Physical Forces May Cause the HoxD Gene Cluster Elongation

Abstract

Hox gene collinearity was discovered be Edward B. Lewis in 1978. It consists of the Hox1, Hox2, Hox3 ordering of the Hox genes in the chromosome from the telomeric to the centromeric side of the chromosome. Surprisingly, the spatial activation of the Hox genes in the ontogenetic units of the embryo follows the same ordering along the anterior-posterior embryonic axis. The chromosome microscale differs from the embryo macroscale by 3 to 4 orders of magnitude. The traditional biomolecular mechanisms are not adequate to comprise phenomena at so divergent spatial domains. A Biophysical Model of physical forces was proposed which can bridge the intermediate space and explain the results of genetic engineering experiments. Recent progress in constructing instruments and achieving high resolution imaging (e.g., 3D DNA FISH, STORM etc.) enable the assessment of the geometric structure of the chromatin during the different phases of Hox gene activation. It is found that the mouse HoxD gene cluster is elongated up to 5–6 times during Hox gene transcription. These unexpected findings agree with the BM predictions. It is now possible to measure several physical quantities inside the nucleus during Hox gene activation. New experiments are proposed to test further this model.

1. Introduction

Edward B. Lewis discovered in 1978 that some genes (coined later Hox genes) located in sequence on the chromosome in the cell nucleus are expressed in the same order along the Anterior/Posterior (A/P) axis of the developing embryo [1]. This correlation is called spatial Hox gene collinearity and since then it is intensively studied. This collinearity is remarkable because it connects geometric entities differing by about four orders of magnitude: at the microscale the size of a Hox cluster is variable with minimum about 100 nm (See Section 4). At the macroscale the size of a multicellular early embryo is of the order 1 mm [2].

Lewis originally noticed the collinearity in the Drosophila embryo but it was later found that this property is observed in many other animal clades, e.g., vertebrates [3]. The evolution of Hox genes is investigated in depth and it is believed that an ancestral ur-Hox gene was in tandem duplicated and several Hox gene clusters were formed in different clades [4,5]. The structure of the different clusters varies from species to species and the vertebrates possess well organized and compacted clusters [3]. It is therefore the vertebrates, and in particular mice and chicks, that are extensively studied and several models are proposed to explain the accumulated experimental findings of Hox gene transcription.

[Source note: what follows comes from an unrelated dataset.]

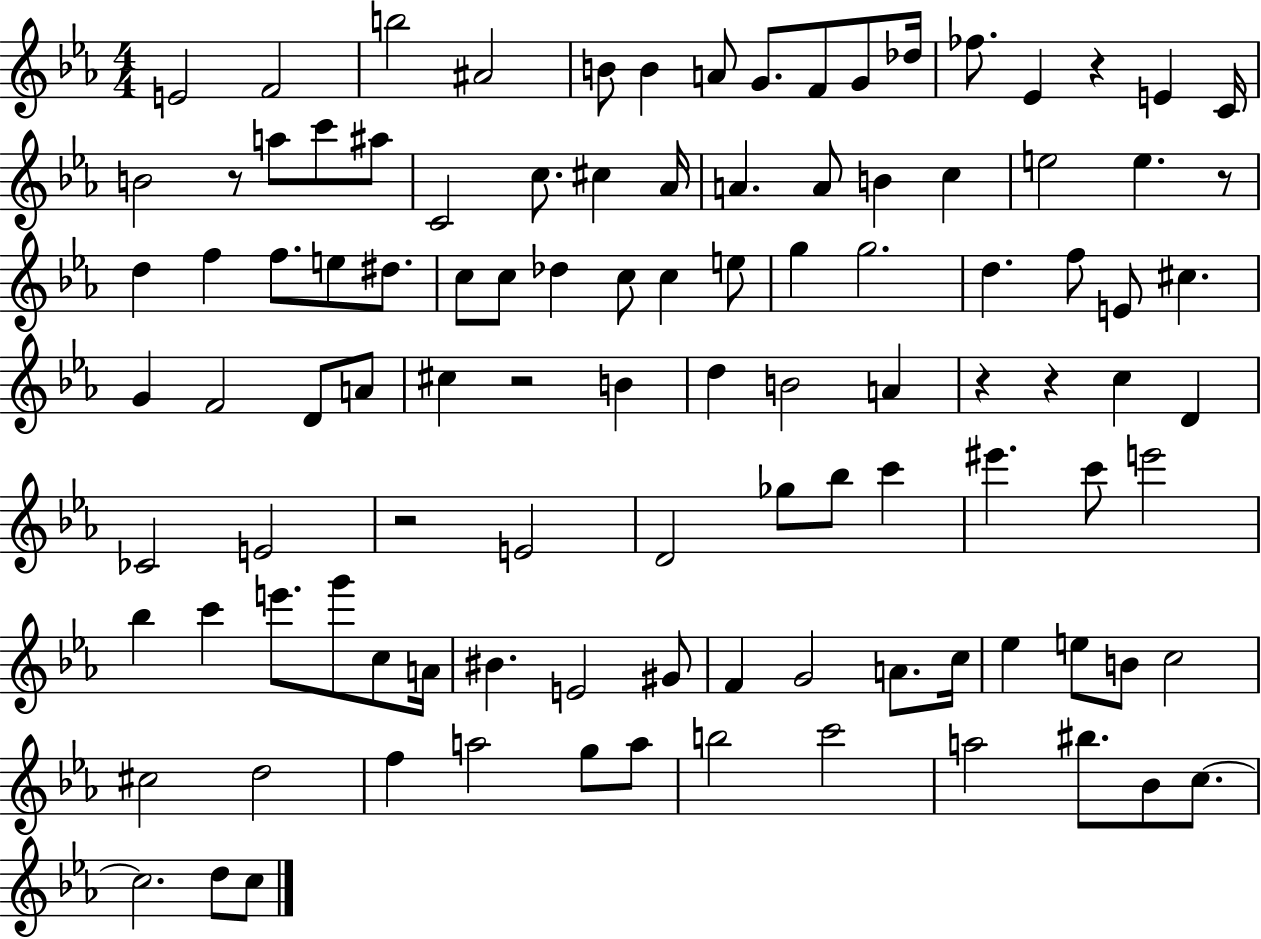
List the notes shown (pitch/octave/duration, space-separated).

E4/h F4/h B5/h A#4/h B4/e B4/q A4/e G4/e. F4/e G4/e Db5/s FES5/e. Eb4/q R/q E4/q C4/s B4/h R/e A5/e C6/e A#5/e C4/h C5/e. C#5/q Ab4/s A4/q. A4/e B4/q C5/q E5/h E5/q. R/e D5/q F5/q F5/e. E5/e D#5/e. C5/e C5/e Db5/q C5/e C5/q E5/e G5/q G5/h. D5/q. F5/e E4/e C#5/q. G4/q F4/h D4/e A4/e C#5/q R/h B4/q D5/q B4/h A4/q R/q R/q C5/q D4/q CES4/h E4/h R/h E4/h D4/h Gb5/e Bb5/e C6/q EIS6/q. C6/e E6/h Bb5/q C6/q E6/e. G6/e C5/e A4/s BIS4/q. E4/h G#4/e F4/q G4/h A4/e. C5/s Eb5/q E5/e B4/e C5/h C#5/h D5/h F5/q A5/h G5/e A5/e B5/h C6/h A5/h BIS5/e. Bb4/e C5/e. C5/h. D5/e C5/e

Besides spatial collinearity, another collinearity has been observed particularly in vertebrates: the first Hox gene (Hox1) in the sequence along the chromosome is expressed first followed later by the second Hox gene (Hox2) in the time sequence Hox1, Hox2, Hox3 etc. This important collinearity is coined temporal collinearity [3]. Temporal collinearity is crucial in evolution and it is considered that it is a major factor in keeping Hox genes together as observed in the vertebrates [3].

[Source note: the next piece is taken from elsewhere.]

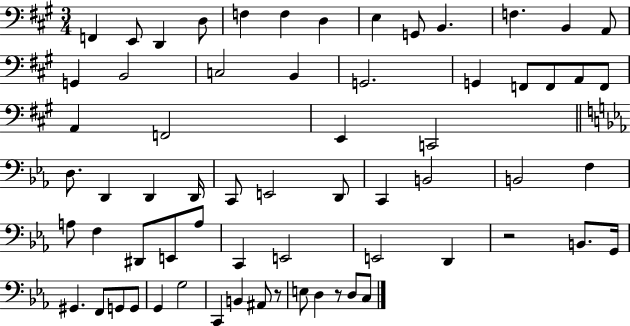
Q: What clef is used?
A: bass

In order to explain Hox gene collinearity, a model was put forward by Duboule and collaborators [6,7]. This established model, called “two-phases model” (T-PM), is relying on standard bio-molecular mechanisms. T-PM consists of an early and a late phase [7]. In the early phase a positive influence from the telomeric side is balanced by a centromeric repression. A late phase is determined by local regulatory elements. The T-PM correctly describes the results of many genetic engineering manipulations consisting of a deletion (or duplication) of Hoxd genes in the HoxD cluster [7]. In a deletion, the expressions of the remaining genes anterior or posterior to the deleted genes are usually strongly affected. The study of the mutant embryo Hox gene expressions provides valuable information. The comparison to the wild type expressions can elucidate many sides of the mechanism of Hox gene activation. In another experimental set up instead of deletions, Hoxd duplications were performed [7]. The T-PM relies on the long-range regulatory elements enhancing expression of Hox genes within the distinct topologically associating domains (TAD) located at the telomeric and the centromeric sides of the Hox cluster [8,9]. With the new genomic technologies it is possible to study the three-dimensional chromatin organization of the TADs [10]. Their evolutionary stability across different vertebrates and invertebrates is indicative of their crucial interactions with the neighboring genome. The size of the TADs is large of the megabaze-order [10]. The HoxD cluster is located at the interface of the two TADs (Figure 1A).

2. The Biophysical Model

A quite different approach is followed in another explanatory model, the “biophysical model” (BM). This model is based on the hypothesis of physical forces generated and acting on the telomeric side of the Hox cluster. The forces are pulling sequentially the Hox genes to a domain where transcription is possible. Motivation for this approach is the multiscale nature of Hox collinearity (Figure 2). Basic laws of Physics rather than biomolecular mechanisms are more adequate to bridge phenomena (or material bodies) in different scales. For example in the simple hydrogen atom the long-range Coulomb force holds the electron cloud around the nucleus (proton). Fortuitously, the size of the electron orbitals are bigger than the atomic nucleus by about 4 orders of magnitude.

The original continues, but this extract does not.